W 2015 roku w sumie 4 osoby zginęły na skrzyżowaniu Alei Solidarności z ulicą Kurzańską. Jak informuje nas kancelaria prawna sprawa nie została do dzisiaj wyjaśniona. Prokuratura potwierdza.
W niedzielne popołudnie (około godziny 16.00) zderzyły się dwa auta na skrzyżowaniu Alei Solidarności z z ulicą Kurzańską. W wyniku wypadku śmierć poniosły 3 osoby, a 3 kolejne zostały rozwiezione do szpitali. 4 ofiara zmarła w szpitalu (pisaliśmy o tragedii w artykułach: Wypadek na "obwodnicy". 3 osoby nie żyją i Tragiczny weekend: 5 ofiar śmiertelnych). Wina wydawała się ewidentna.
- Kierujący pojazdem marki Land Rover, 68- letni mieszkaniec Wrocławia nie ustąpił pierwszeństwa przejazdu i uderzył w prawidłowo poruszający się pojazd marki Audi kierowany przez 30 letniego mieszkańca Zawidowa. W wyniku wypadku obaj kierowcy oraz pasażer land rovera zginęli na miejscu. Trzy pasażerki land rovera przewieziono do szpital, a z których jedna kobieta, lat 68, w wyniku poniesionych obrażeń również zmarła - informowała nasz portal w czerwcu 2015r. st. asp. Ewa Wojteczek, ówczesny Oficer Prasowy KPP w Zgorzelcu.
- Na miejscu zdarzenia sprawa wydawała się oczywista - z ulicy podporządkowanej (ul. Kurzańska) wyjechał Land Rover wymuszając pierwszeństwo na kierowcy Audi A3 jadącym Aleją Wolności. Jednak do chwili obecnej tj. ponad półtora roku od tego wydarzenia Prokuratura Rejonowa w Zgorzelcu nie zdołała ustalić, kto ponosi winę za spowodowanie tego wypadku - informuje nasz portal Tomasz Zawidzki z kancelarii AUXILIA relacjonując jednocześnie przebieg postępowania.
Jak się okazuje niemożność rozstrzygnięcia tej sprawy wynika z braku opinii biegłych. Prokuratura potwierdza nam, że opinia biegłych dopiero ma być wydana. (...) informuję, iż oczekujemy na opinię biegłego, która ma zostać opracowana w najbliższym czasie - odpowiada na nasze pytanie dotyczące sprawy Agnieszka Kwaśniak, Prokurator Prokuratury Rejonowej w Zgorzelcu.

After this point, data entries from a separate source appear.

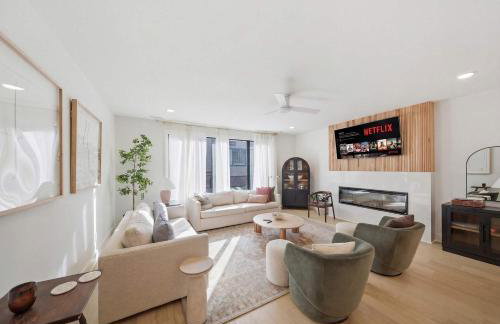 Modern Multi-Level Retreat with Rooftop Hot Tub - Foto 7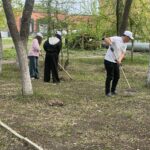 Петропавлда жастар Анастасия Прокопичеваның ескерткіші жанындағы саябақты жинады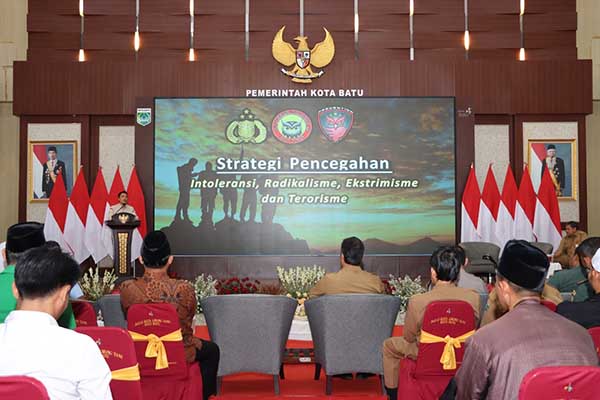 Sosialisasi Pencegahan dan Penanganan Radikalisme serta Terorisme di Balai Kota Among Tani. (ist) - Sosialisasi Pencegahan dan Penanganan Radikalisme serta Terorisme di Pemkot Batu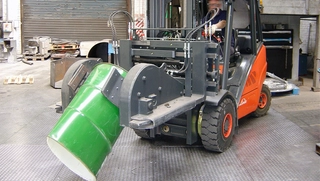 Rotating Roll Arms T106AH180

- W październiku 2015r. zostali powołani biegli, którzy do końca marca 2016r. mieli wydać opinię na temat przyczyn wypadku. Następnie termin na sporządzenie opinii został przedłużony do maja 2016r. Długi czas oczekiwania biegli tłumaczyli dużą ilością spraw. Opinia nie została wydana i w czerwcu 2016r. Prokuratura Rejonowa w Zgorzelcu wydała postanowienie o zawieszeniu śledztwa ze względu na konieczność oczekiwania na opinię aż do grudnia 2016r. Pełnomocnik rodziny jednej z ofiar wypadku złożył zażalenie na postanowienie o zawieszeniu do Sądu Rejonowego w Zgorzelcu, wskazując jednocześnie o powołanie innego biegłego. Akta wraz z zażaleniem po dwóch miesiącach zostały przekazane przez Prokuraturę do Sądu Rejonowego w Zgorzelcu i Sąd ten w październiku 2016r. uwzględnił to zażalenie. Pomimo to Prokuratura nie powołała innego biegłego, a biegli nie wydali opinii w grudniu 2016r., pomimo że wcześniej wskazywali na taki termin. Do tej pory (luty 2017r.) taka opinia nie została wydana - możemy przeczytać we wspomnianej relacji przysłanej przez kancelarię.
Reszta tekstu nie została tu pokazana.